There are many heroes and heroines, risk takers, doubters, and hundreds of others who claim a piece of the history. To the people of Liverpool, their names stand beside the rich and the famous as architects of a revolution in culture. Sit beside early Beatles promoter Sam Leach, or longtime Beatles insider Tony Bramwell, or the original Quarrymen, and you feel what it was like to be there when the beginning began. You sense the uncertainty, the determination, the doubts, and the perilous flights of fancy and dreaming that live in young people. Ironic, isn't it? Youth is fleeting, but in the case of the Beatles, the music freezes them in time.

Time is the greatest enemy of history. Real events and people are distorted, exaggerated, and often forgotten. We are dependent on individual and collective memories. And there are so many people who try to shape their stories to suit their own biographies. That is expected. After all, what is memory but a hazy, subjective reconstruction of the vivid reality from so long ago?

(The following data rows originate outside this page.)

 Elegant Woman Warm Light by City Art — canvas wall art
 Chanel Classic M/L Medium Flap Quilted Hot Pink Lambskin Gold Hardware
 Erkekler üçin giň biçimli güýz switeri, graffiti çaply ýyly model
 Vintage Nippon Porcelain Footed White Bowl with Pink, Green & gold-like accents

Such is the history of the Beatles—conflicting stories, betrayal, love (lots of that), intrigue, and real or imagined adventure, some of which I shared while touring with them.

But about one fact there is absolute certainty. Before the world noticed, before the glare overwhelmed them, it all came together in the period from 1957 through 1963, when they were boys.

And it was all preceded by a bloody nightmare that would define the city and the boys.